The Daily Dish

The Fed Stays Steady

Eakinomics: The Fed Stays Steady

The Fed is a small island of predictability in a sea of DC policy uncertainty. To the surprise of exactly no one, the Fed left interest rates unchanged at its meeting yesterday. This does not mean it is done raising rates (and reducing the size of its holdings of Treasuries and mortgage-backed securities — the two-pronged approach to normalizing monetary policy). In its statement, the Federal Open Market Committee (FOMC) noted that it “expects that further gradual increases in the target range for the federal funds rate will be consistent with sustained expansion of economic activity, strong labor market conditions, and inflation near the Committee’s symmetric 2 percent objective over the medium term.”

The Fed remains bullish on the economic outlook, saying “Information received since the Federal Open Market Committee met in September indicates that the labor market has continued to strengthen and that economic activity has been rising at a strong rate. Job gains have been strong, on average, in recent months, and the unemployment rate has declined. Household spending has continued to grow strongly, while growth of business fixed investment has moderated from its rapid pace earlier in the year. On a 12-month basis, both overall inflation and inflation for items other than food and energy remain near 2 percent.”

This is essentially the same statement it issued in September. The only modifications were to note that the unemployment rate had declined and business investment had moderated. The latter is notoriously volatile and it may even be the case that revisions to the 3rd quarter gross domestic product report will show it to have not declined after all.
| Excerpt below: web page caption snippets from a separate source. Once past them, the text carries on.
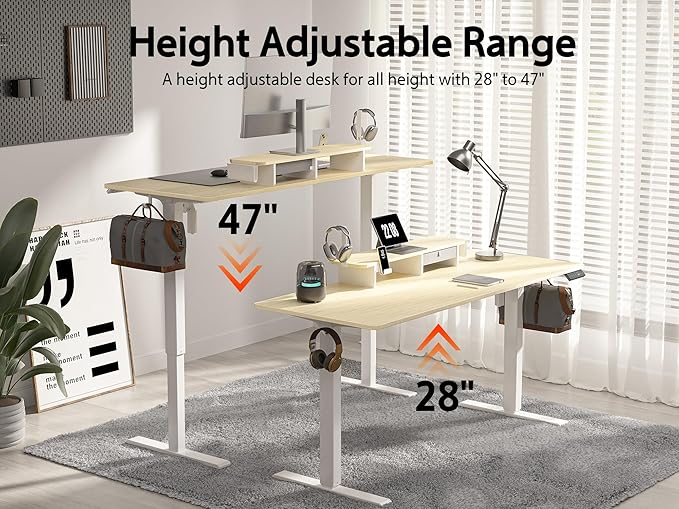 63x24 Inches Electric Standing Desk - Image 4
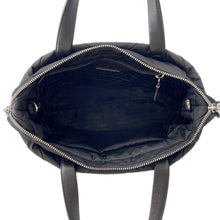 将图像加载到图库查看器中，PRADA Padded 2way Tote Bag Black1BG373 Nylon Size Small
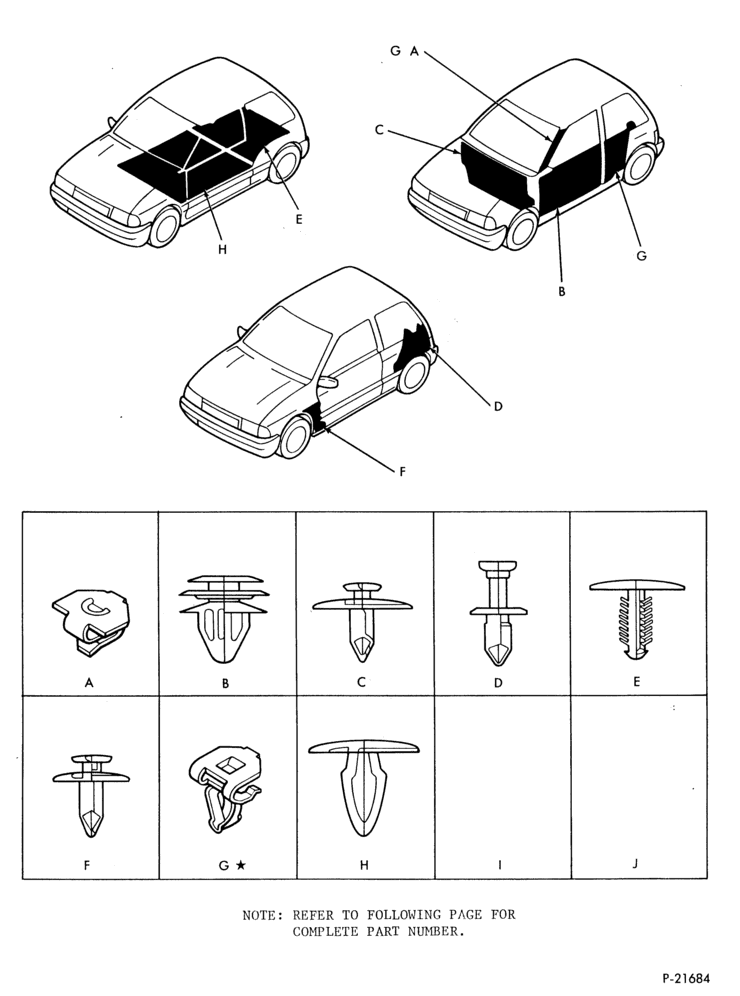 Схема SOFT, INTERIOR TRIM-Trim clips & fasteners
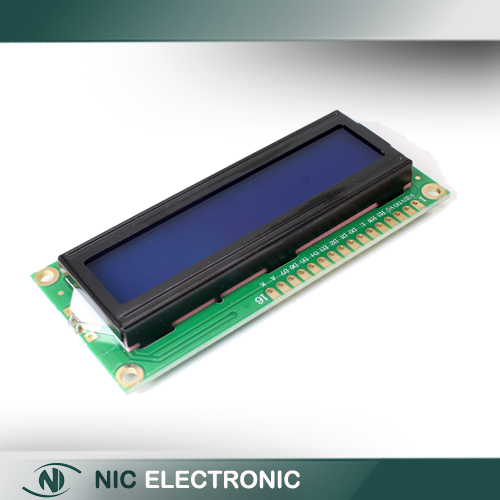 نمایشگر LCD کاراکتری 1602 (16*2) بک لایت آبی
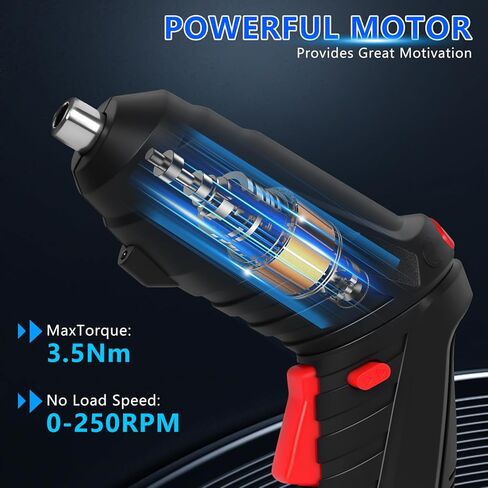 26 في 1 مفك البراغي الكهربائي اللاسلكي القابل لإعادة الشحن مجموعة حفر طاقة صغيرة 3.6V LI-ION 3.5N · M MAX TORQUE ELECTRICE ROTATABLE مع مفك البراغي LED LED لأدوات DIY المكتب المنزلي (أسود) in Kuwait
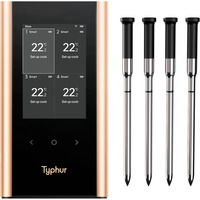 Typhur Sync Gold Quad, Thermometer schwarz, inkl. 4 Sonden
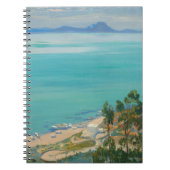 Die Bucht von Tunis am Morgen | Sir John Lavery Notizblock (Vorderseite)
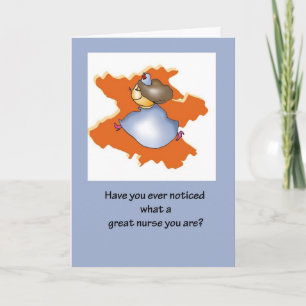 Great Nurse on Nurses Day Letterpress Thank You Card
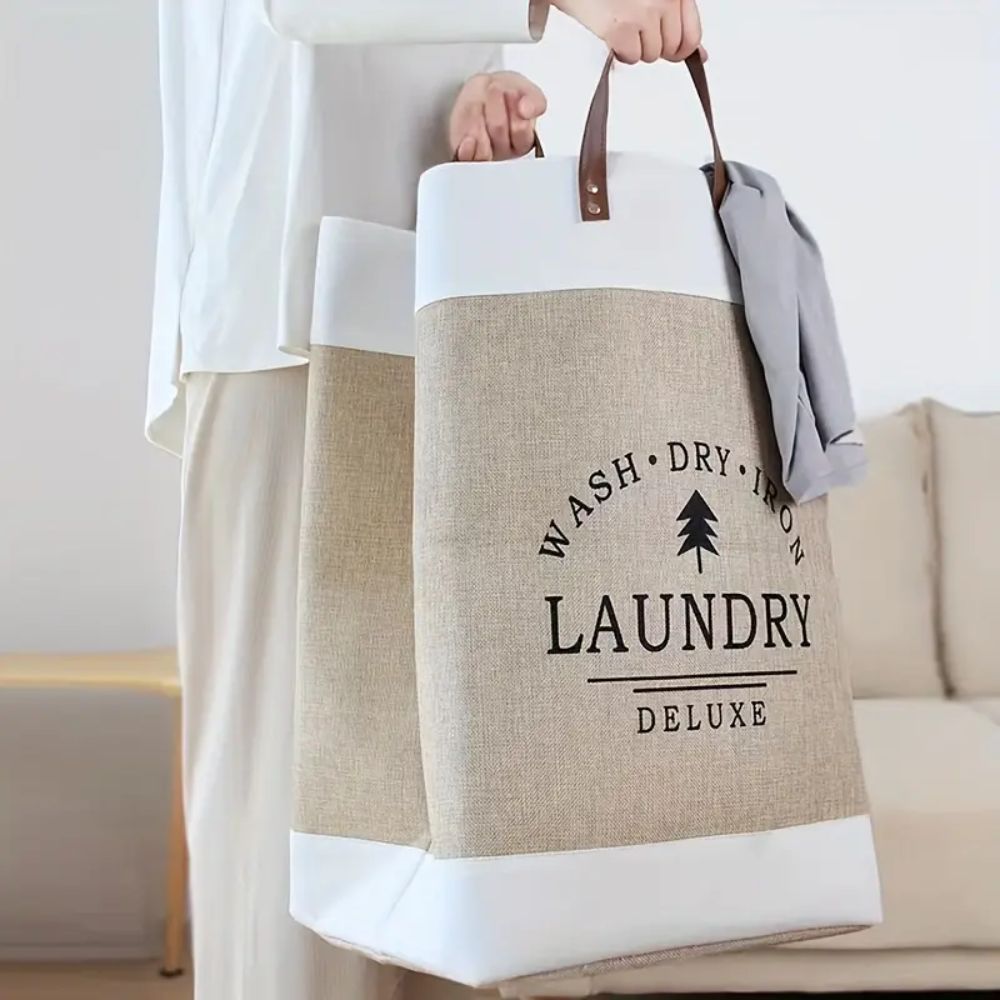 Deluxe Freestanding Laundry Basket — additional view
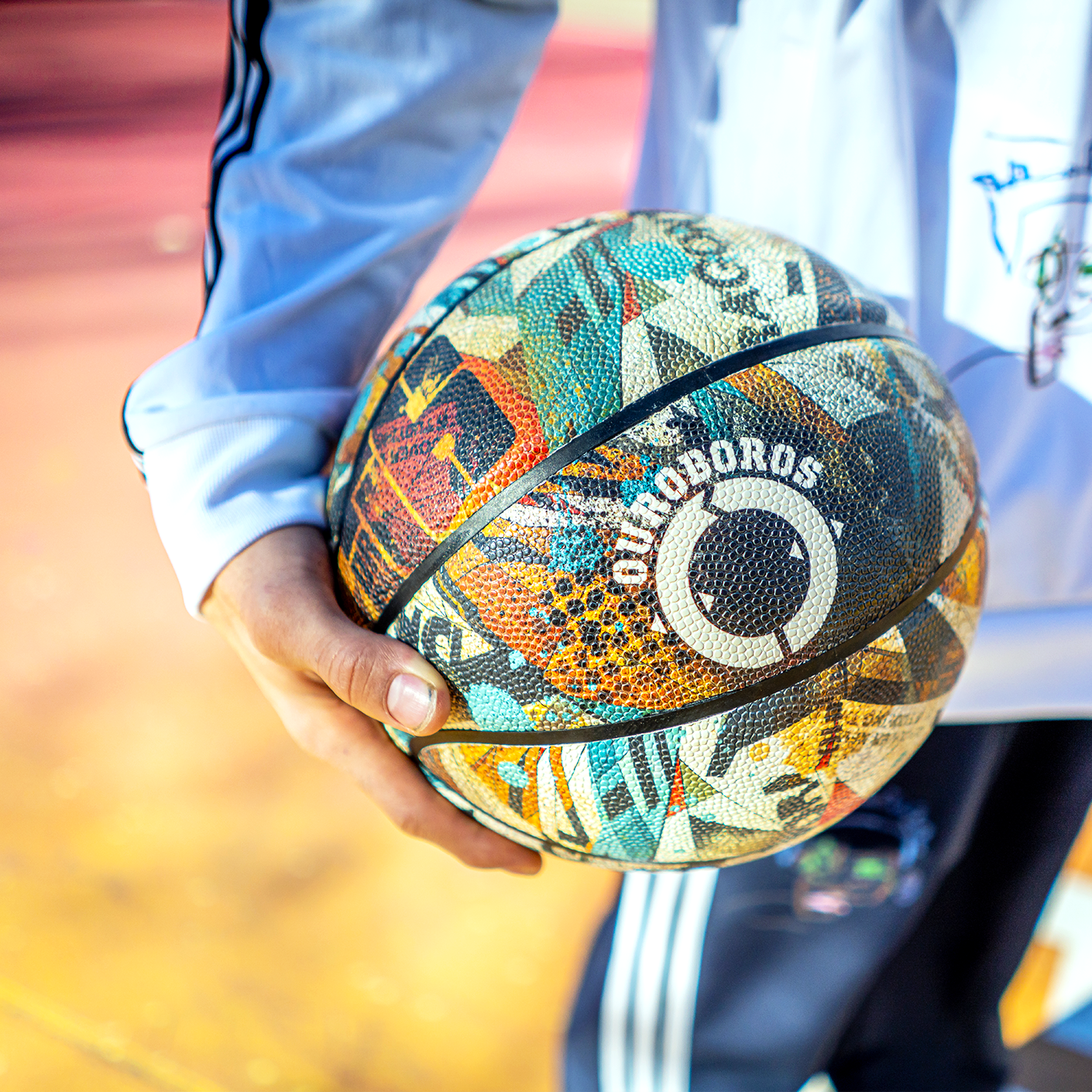 DR76 6inch Figure + Basketball "Abstract" BUNDLE by Dragon76 x Martian Toys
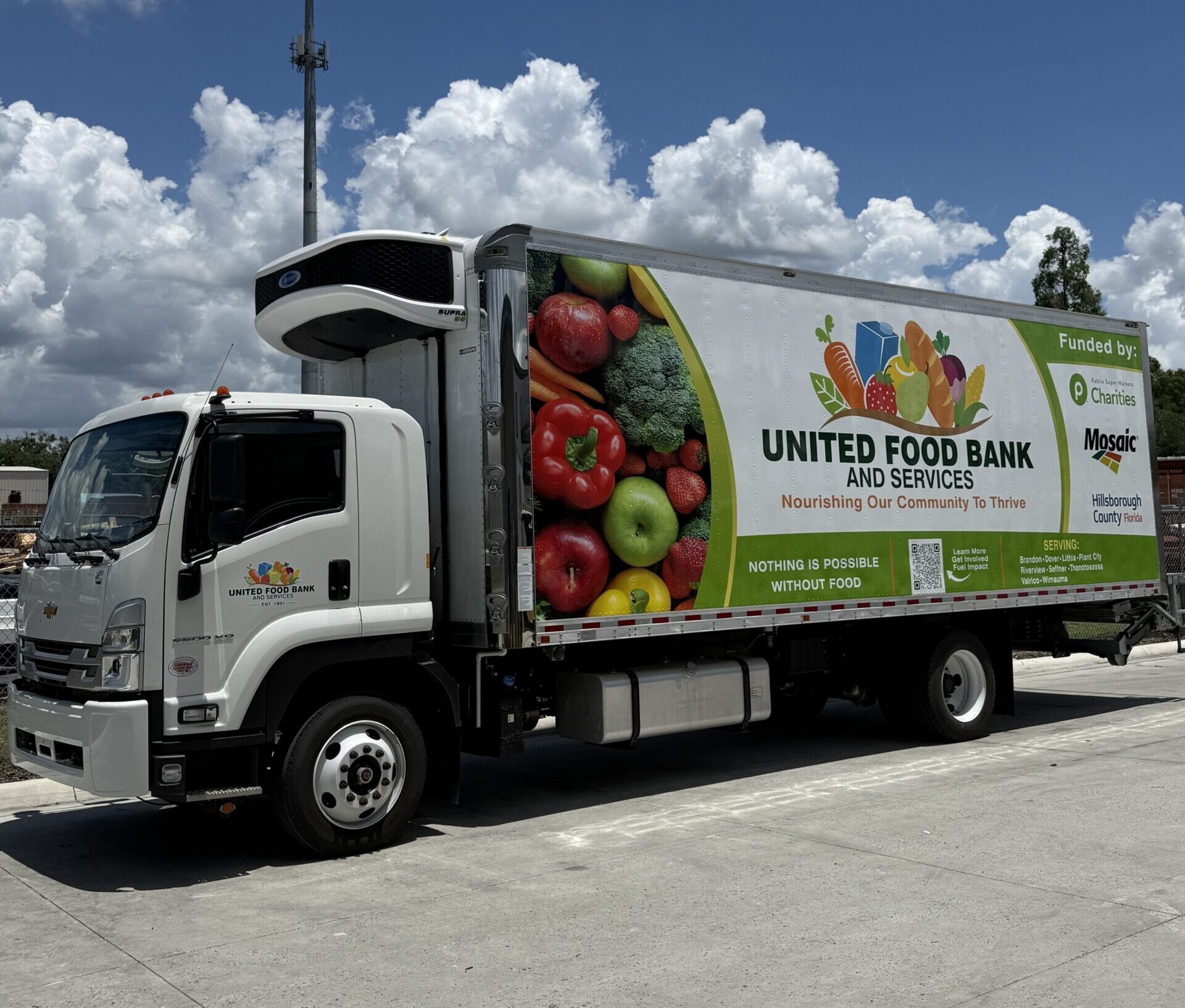 United Food Bank Expands Hunger Relief With New Truck, Forklift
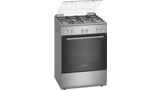 Serie | 2 Mașină de gătit cu plită gaz, independentă Inox HGA030D50 HGA030D50-1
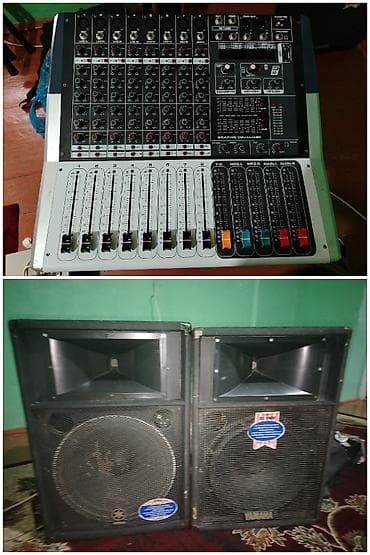 canta satışı: Yamaha KV80 Professional Audio Mixer + Yamaha S115V Səsgücləndirici — 8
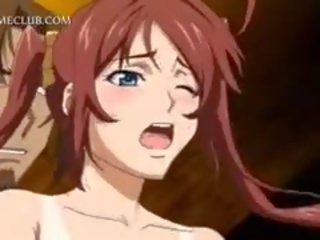 Apdullinātas anime mīļotā izpaužas noskūtas twat pavirši hardcore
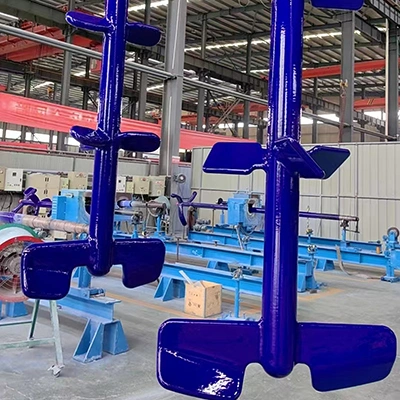 Agitator berlapis kaca tipe scraper & baling-baling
The election outcome confirms legislative gridlock for the near-term future. This removes the difficulty for the Fed of reacting to new tax cuts or large-scale infrastructure spending. The result is a more predictable path toward neutral over the course of 2019. At the same time, it makes the Fed a more visible actor in the policy process and, thus, guarantees more scrutiny and public commentary — to no real effect — from President Trump.